Ну пока это не станет явью, давайте хотя бы решительно примемся за разоружение псевдоискусства, а это, безусловно, одно из проклятий нашего времени, что если у людей нет ни времени, ни способности увидеть ту подлинную вещь, которую они желают, ни денег на ее покупку, то они вынуждены покупать изготовленную механически подделку под нее. Именно наша привычка к малодушию и лени питает и взращивает механический труд, содействуя его процветанию и обрекая людей на все виды духовного и физического рабства. Именно из этой глупости рождается и желание людей перехитрить торговцев, с которыми они имеют дело, и решимость торговцев (обычно успешная) перехитрить покупателей. Отсюда же — и ядовитые насмешки, которые недавно (не без основания) обрушились на британского торговца и британского рабочего — людей, как и мы с вами, честных, если мы не вынуждаем их обманывать нас и не награждаем их за это.
Если бы публика что-либо понимала в искусстве, различала бы мастерство в сделанных человеком вещах, то она не мирилась бы с поделками, и если было бы невозможно приобрести подлинно художественную вещь, то публика научилась бы обходиться без нее и не считала бы, что этим воздержанием оскорблены ее претензии на изысканность.
Простота жизни, даже совершенно неприкрашенная, вовсе не нищета, а самая основа утонченности. Что, по-вашему, более утонченно, какое из жилищ вы сочли бы более подходящим для джентльмена: дом ли с земляным полом и побеленными стенами, окруженный зеленью и цветущими лугами, с живым родником вблизи, или же грязный дворец в облаке копоти с армией служанок, всегда пытающихся прикрыть грязь так, чтобы она стала незаметной?
Итак, говорю я, если вы не научитесь любить подлинное искусство, то выучитесь по крайней мере ненавидеть и отвергать псевдоискусство. Когда я призываю вас отбрасывать убогие изделия, то это не столько потому, что они безобразны, нелепы и бесполезны, сколько потому, что эти свойства лишь внешнее проявление скрытой в них отравы. Присмотритесь к ним внимательно, и вы поймете, что сопровождало их создание. Вы увидите, какой пустой труд, какая скука и стыд с самого начала были их компаньонами, и все это ради тех пустяковых безделушек, в которых никто по-настоящему не нуждается.

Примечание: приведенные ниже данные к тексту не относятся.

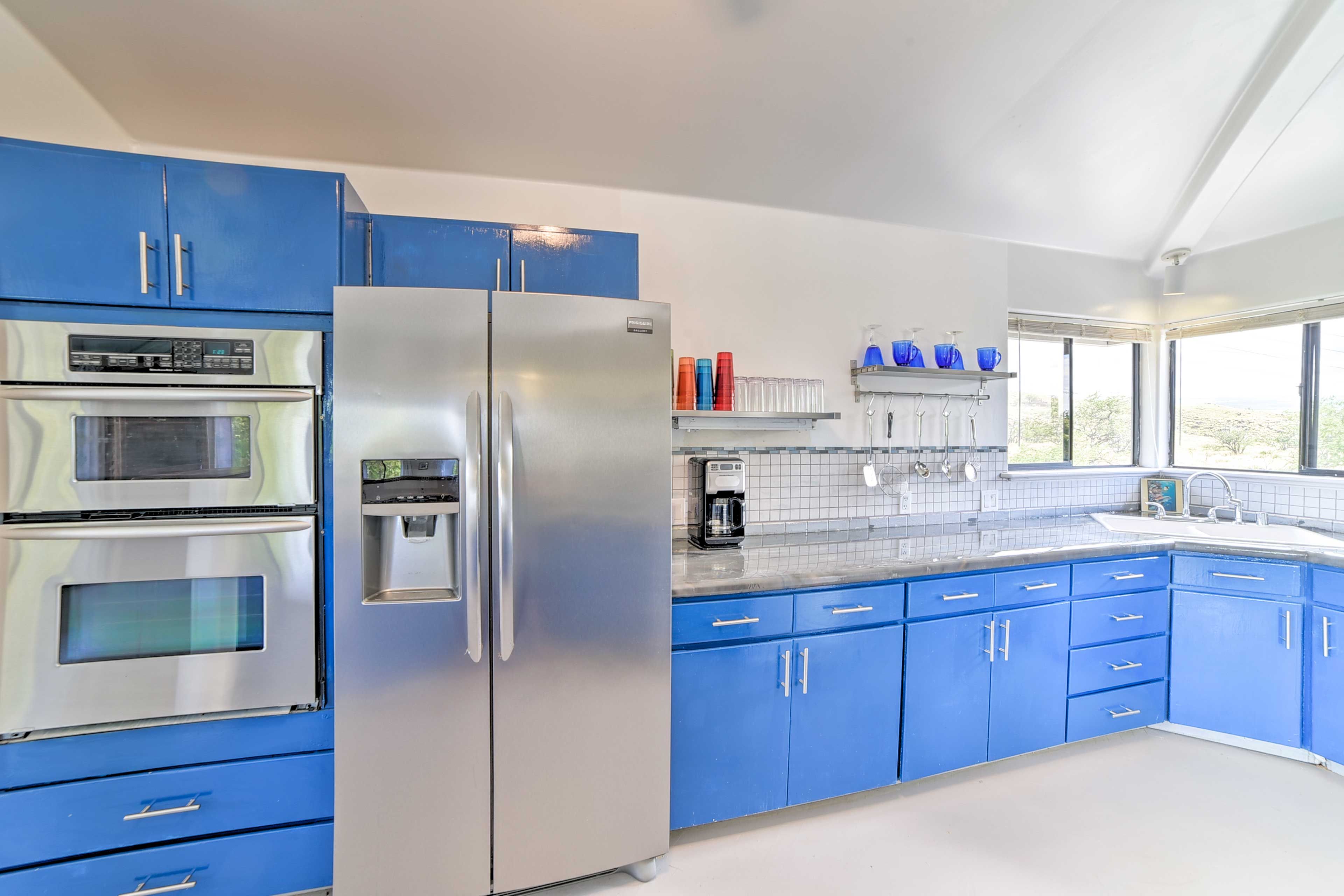 Stainless steel appliances and granite countertops elevate this kitchen.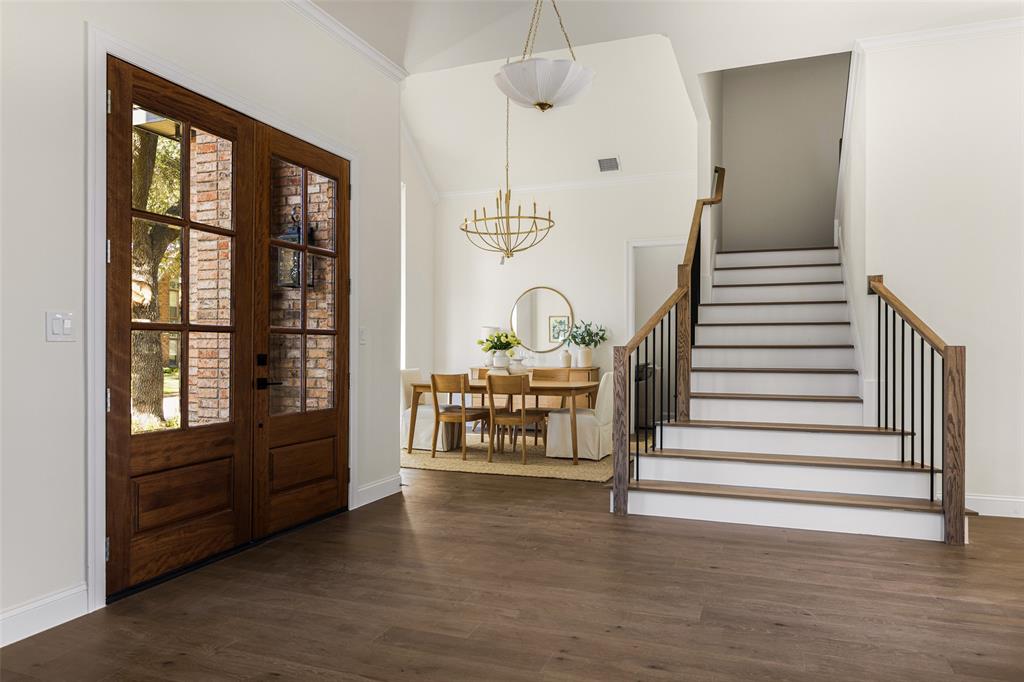 Welcoming two-story entry showcases updated double wood-and-glass doors, wide-plank flooring, a redesigned staircase with wood handrails and black iron balusters, and an open connection to the formal dining room.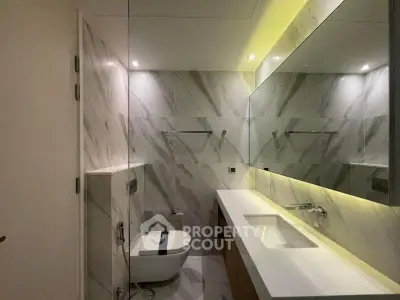 Luxurious modern bathroom with marble walls and sleek fixtures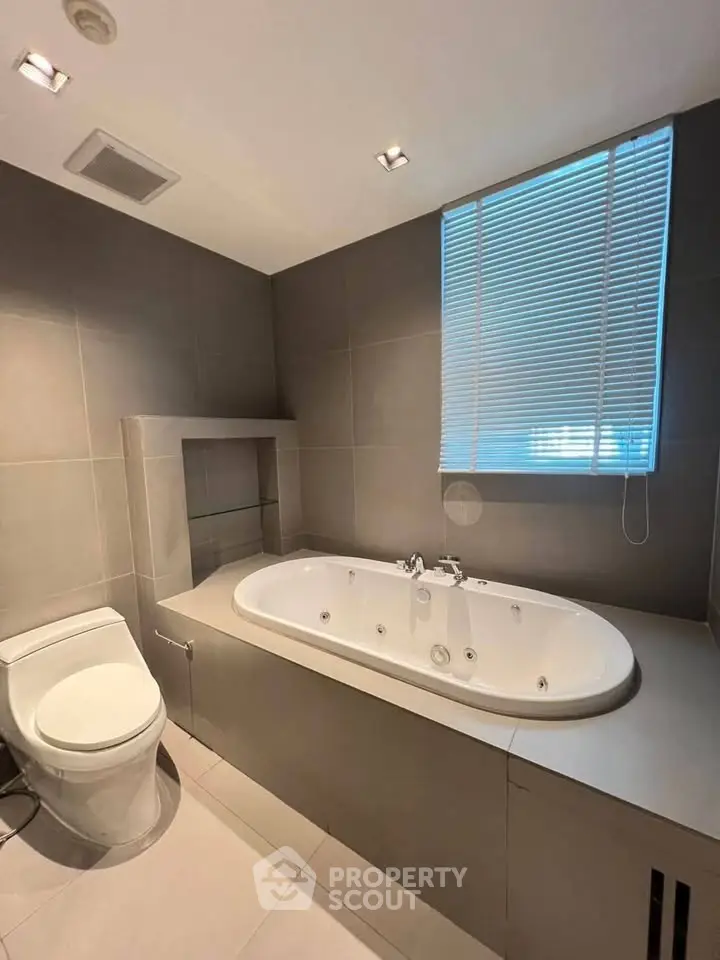 Luxurious bathroom with modern bathtub and sleek tile design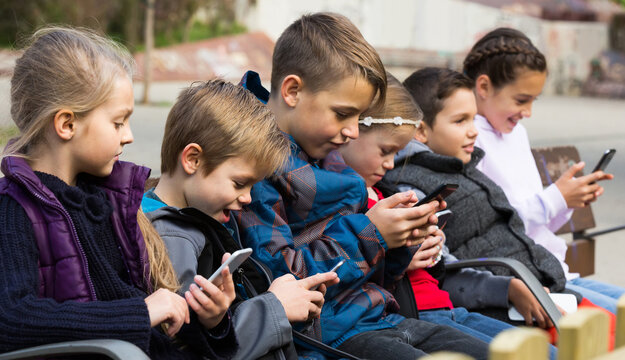 Outdoor portrait of spanish girls and boys playing with phones.
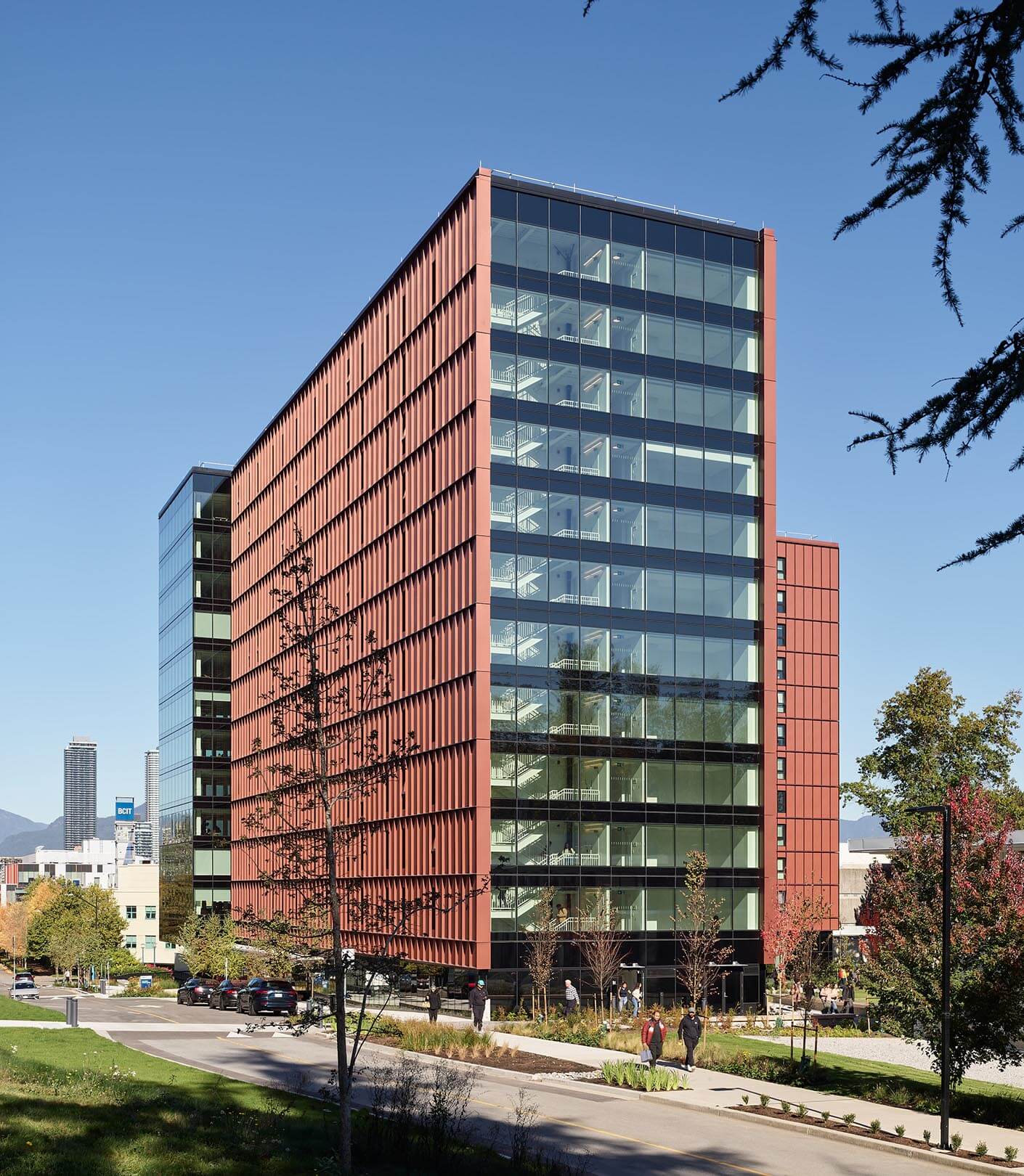 Modern red office building with glass facade under a clear blue sky.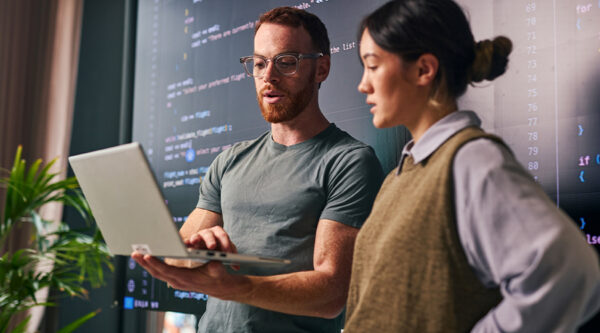 Man and Women looking at a laptop
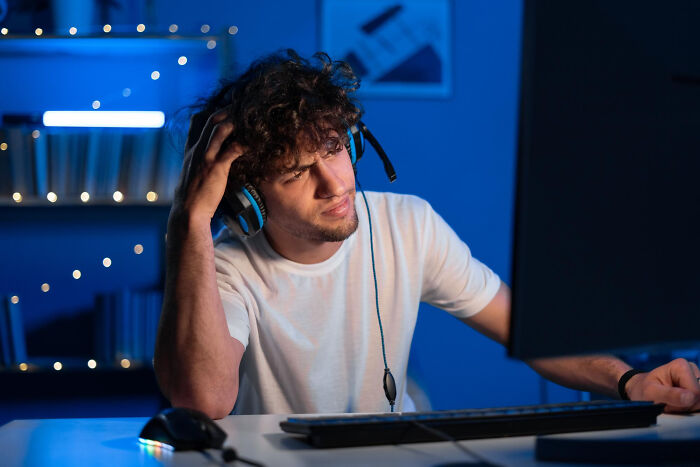 Man wearing headphones confused looking at computer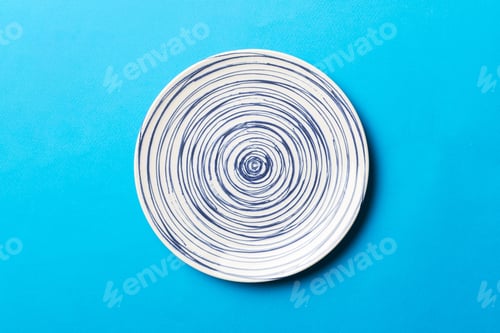 Preview: Top view of isolated of colored background empty round blue plate for food. Empty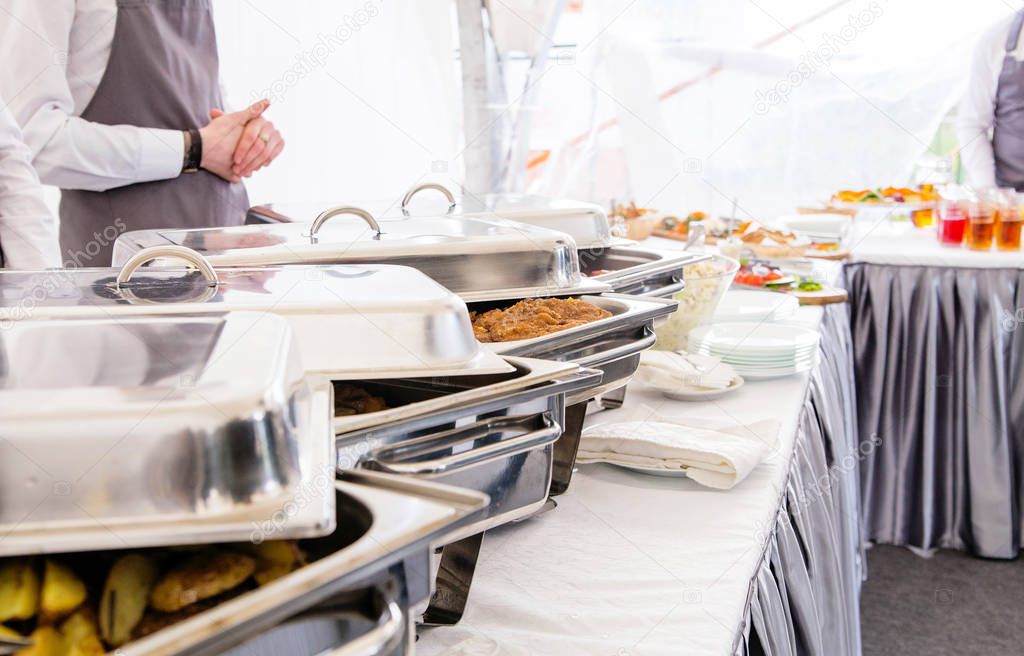 the waiter of the catering service serves a buffet table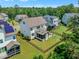 Aerial view of a backyard with firepit and outdoor seating, surrounded by lush greenery at 1716 Aberdour Dr, Apex, NC 27502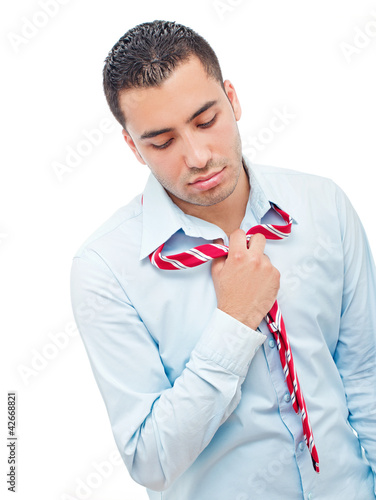 Tired young businessman, isolated on white photo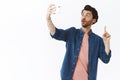Guy talking on video call using mobile app, sharing great idea with friend as gesturing, raise one finger eureka gesture Royalty Free Stock Photo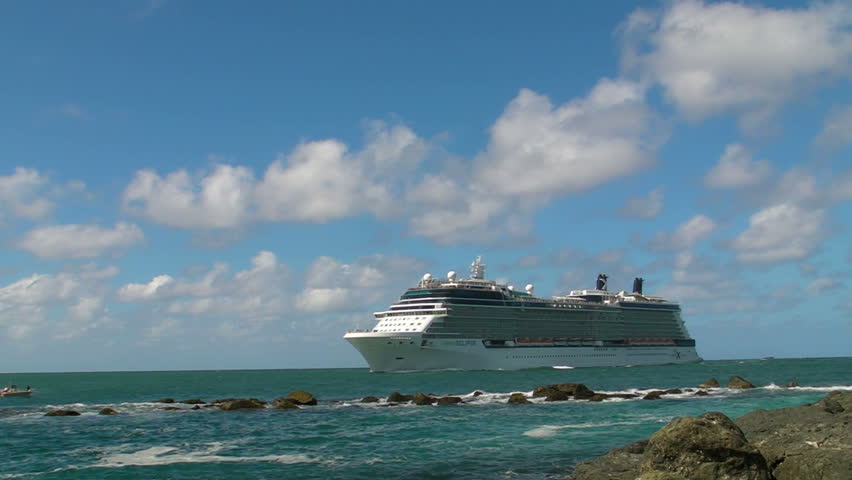 SAN JUAN, PUERTO RICO - CIRCA JAN 2012: Big cruiseship close to rocky shore circa January 2012 in San Juan, Puerto Rico.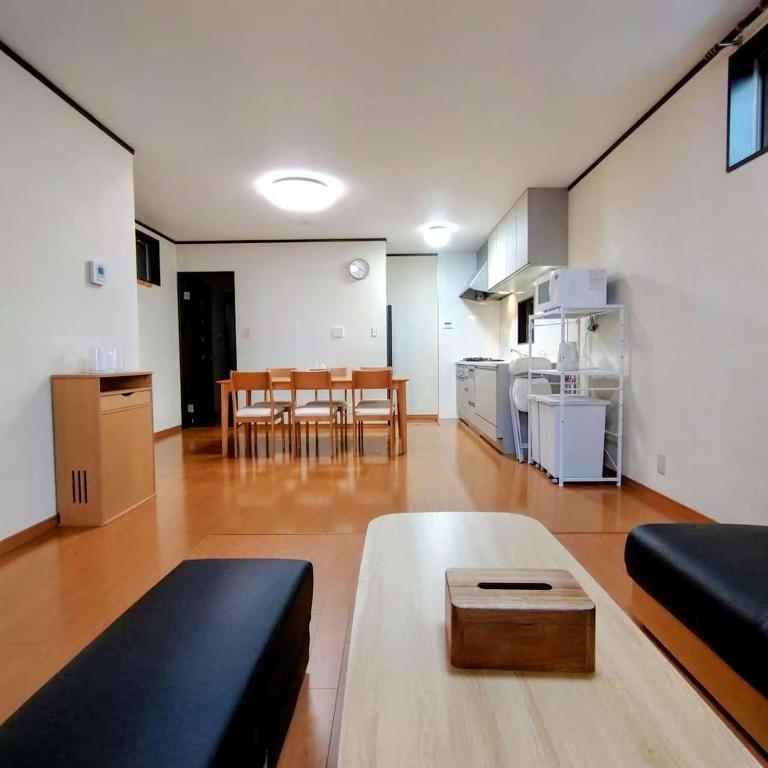 a living room with a couch and a table at 京旅别莊 in Kyoto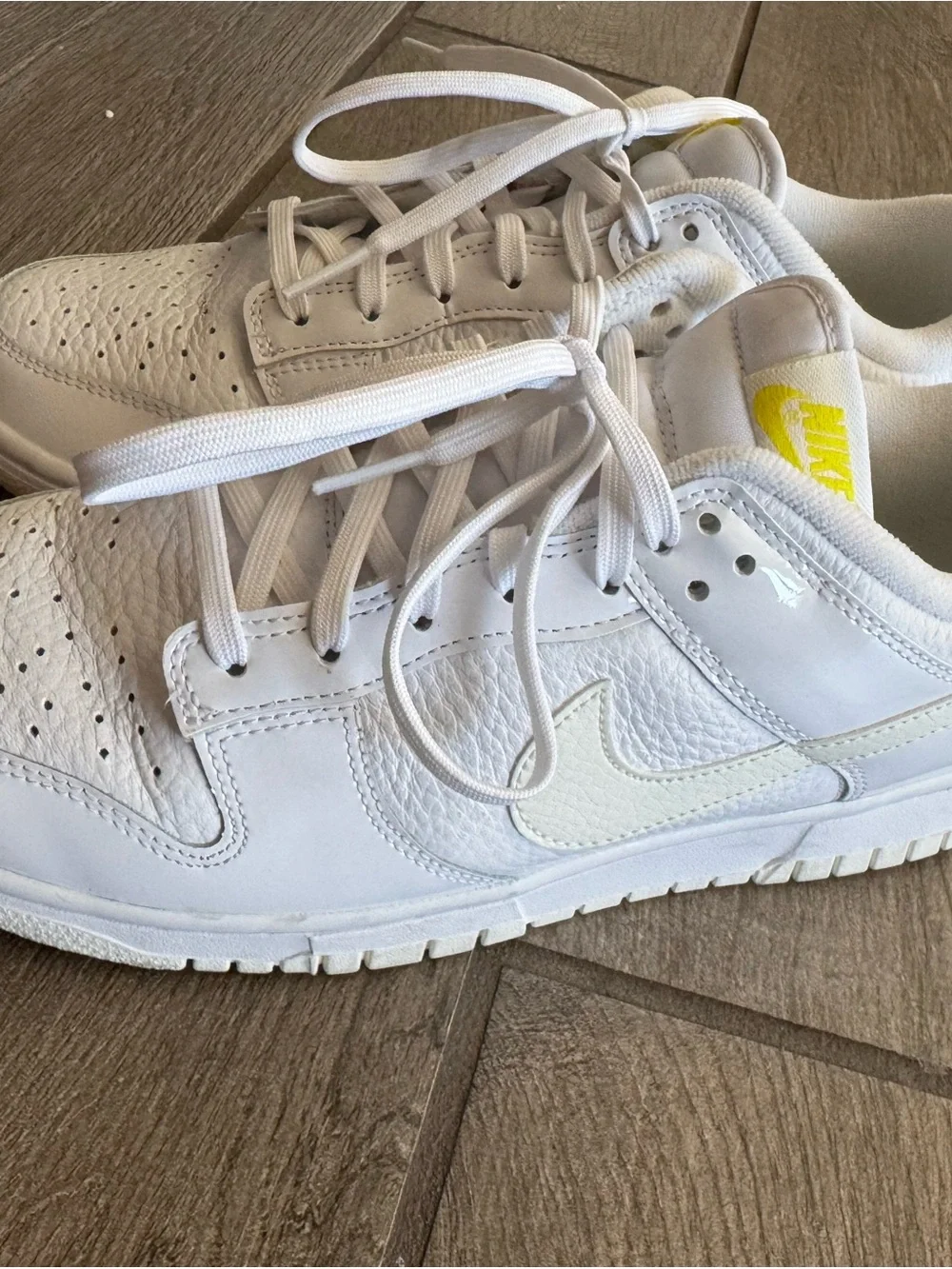 Nike White Low-Top Sneakers with Yellow Logo Accents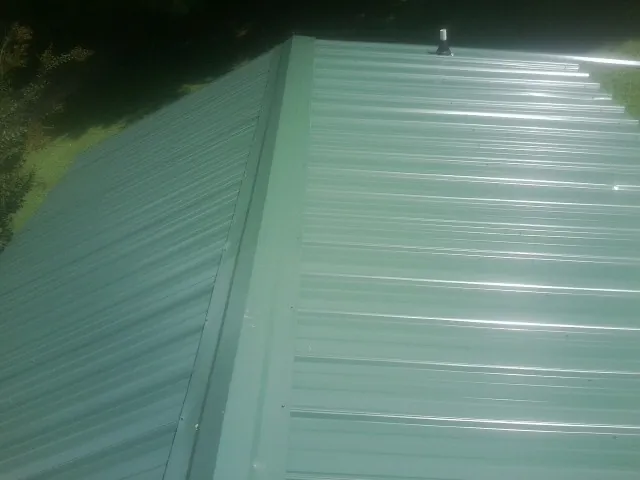 New green metal panels meeting at the ridge of a roof — Flat Roof Repair work by our crew in Trimble
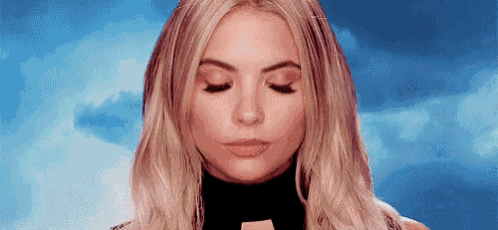 a close up of a woman 's face with her eyes closed in front of a blue sky .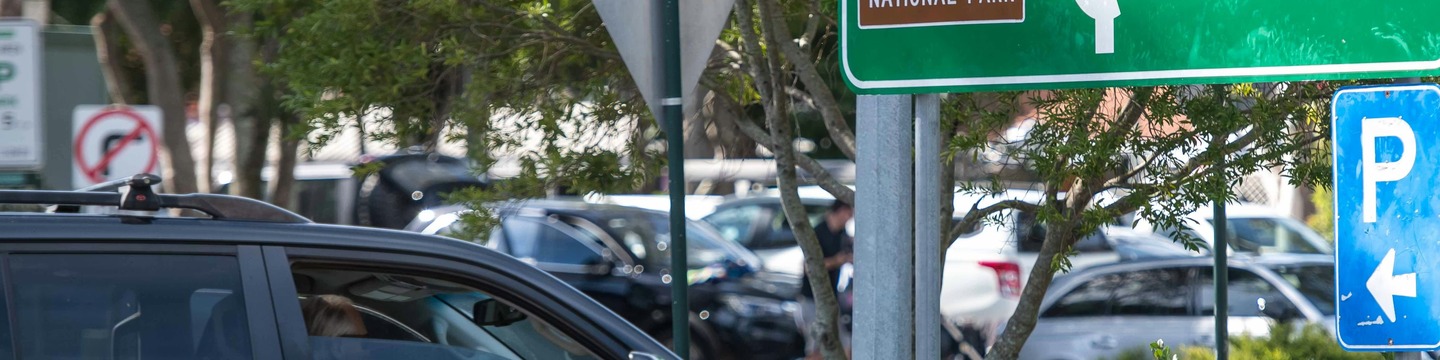 Image of a person driving a car into a car park in Noosa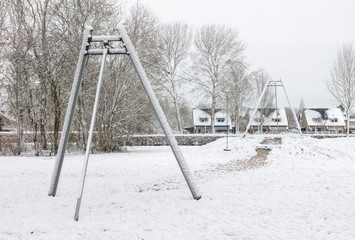 Playground in kindergarten for children in winter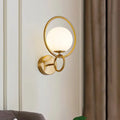 Modernist gold wall sconce with white glass shade for bedroom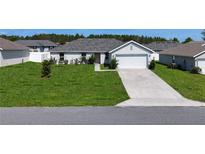 Charming single-story home with a well-maintained lawn and a two-car garage at 15476 Sw 34Th Court Rd, Ocala, FL 34473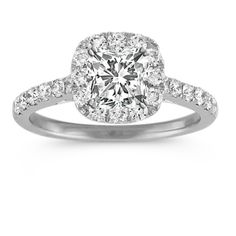 a cushion cut diamond ring with pave set shoulders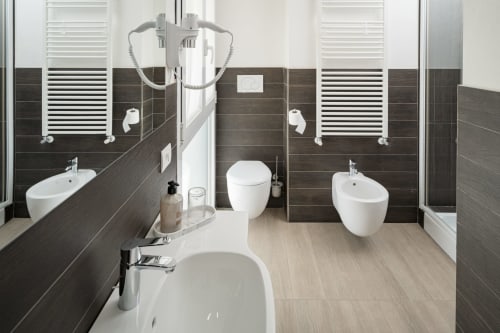 Bagno moderno dell'Hotel Villa Mary con doppio lavabo, toilet, bidet, scaldasalviette elettrici e pavimentazione effetto legno a Santa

Учитесь обходиться без них. В этом — добродетель, сила, которая при правильном употреблении задушит и спрос на механический труд и предложение его, и вынудит его заниматься свойственным ему делом — производством машин.
И тогда из простоты жизни родится стремление к красоте, все еще живущее в душах людей, а мы знаем, что утолить жажду красоты может только осмысленный труд, постепенно перерастающий в труд творческий, который превратит всех «станочников» в тружеников, в художников, в людей.
Итак, я старался показать вам, как суетность современной цивилизации и деспотическая система труда, необходимая для полного развития конкурентной торговли, отняли у людей в целом — благородных и простых — глаза, умеющие различать, руки, способные творить то народное искусство, которое некогда было для мира главным его утешением и радостью. Я призвал вас воспринимать этот факт не как пустяк, а как прискорбнейшее из несчастий. Я призвал вас к исправлению этого зла, во-первых, ревностным сохранением того, что осталось, и серьезным желанием восстановить то, что утрачено красотой земли, а во-вторых, отказом от роскоши, чтобы вы могли принять, если на то способны, искусство, или же, если вы за свою короткую жизнь не научитесь понимать значение искусства, то чтобы вы могли по крайней мере жить простой, достойной человека жизнью.